Stigma
Back to back trainings have taken a toll on me. No doubt it was physically tiring I cannot but smile at the pure fact of both mental and spiritual satisfaction. The spirit is willing but the flesh speaks otherwise. O how I struggle to stay afloat the weary body that seeks every possible minute of rest.
I do ponder, if I am almost weak in my mental strength or is it just mere fatigue setting in after an average of 7hrs training daily. It was a good 5 schools within a span of 2 weeks and hundreds of students to recount moments.
Every class has a story to tell. Every student has a dream to pursue. Every school has a culture to embrace. Yet, the sad truth of being in the last class more than often sinks deep into the hearts of youths who undeniably receive those peircing words from both peers and educators.

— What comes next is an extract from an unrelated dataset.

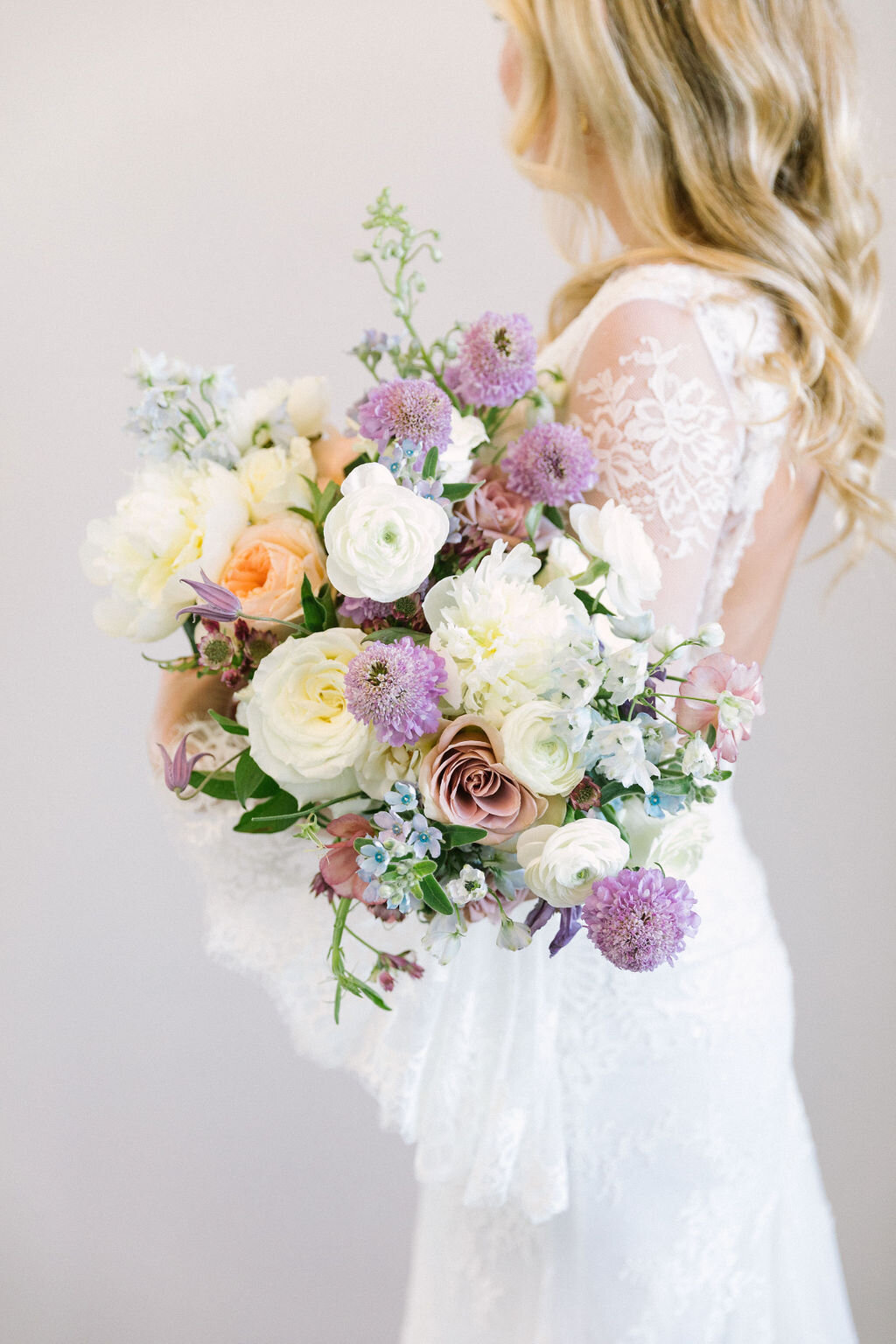 Purple peach white and blue bridal bouquet of flowers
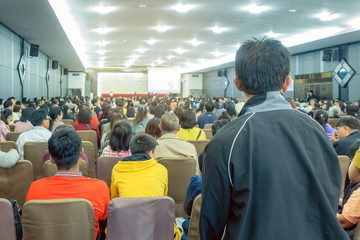 Backside view of spectators standing in a gathering in the back of auditorium full of people. Selective focus.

I vividly recall my days as a secondary student as those words "lousy" & "please la, stop your nonsense" clearly echo in my mind still.
Can you just take a quick moment to imagine the tedious process of enduring this stigmism students struggle to live with daily? Having said all that, that process can happen both in school, and at home. Just take another quick glance at the amount of 'repair' needed for these youths to grow into fine young men and women, each embracing their destiny and fighting to make a difference in their own 'habitat'.
I am amazed at how fear, disappointed and doubts can quickly cloud the minds & hearts of people. Fear is learnt. Disappointed experienced. Doubts stem from the roots of fear. As a Trainer, I can only do this much. I provide you with the knowledge and hand you the keys to unlock those prison doors. I carry you through a journey of self discovery and understanding of both feeling and thoughts. I push you towards turning those knobs. Yet, it is not within my ability (neither is it right of me) to force you make that decision of change. Man can never manipulate that outcome, should it remain true and lasting.
O where shall I begin??
I feel troubled yet excited. Knowing full well the extend of Hope that can replace hopelessness in their hearts yet I can't explicitly declare what I should. Some of them said the session sounded like a 'cell group', some asked if I'm a Christian. One even asked if I'm from a particular mega church just because I sounded charismatic.
Ah yes, now I see some light. Now I see my role. Now I recollect the days of youth and how I looked up to others in my lives.
Abba, it's so exciting to journey on this given job with You. More MORE MORE!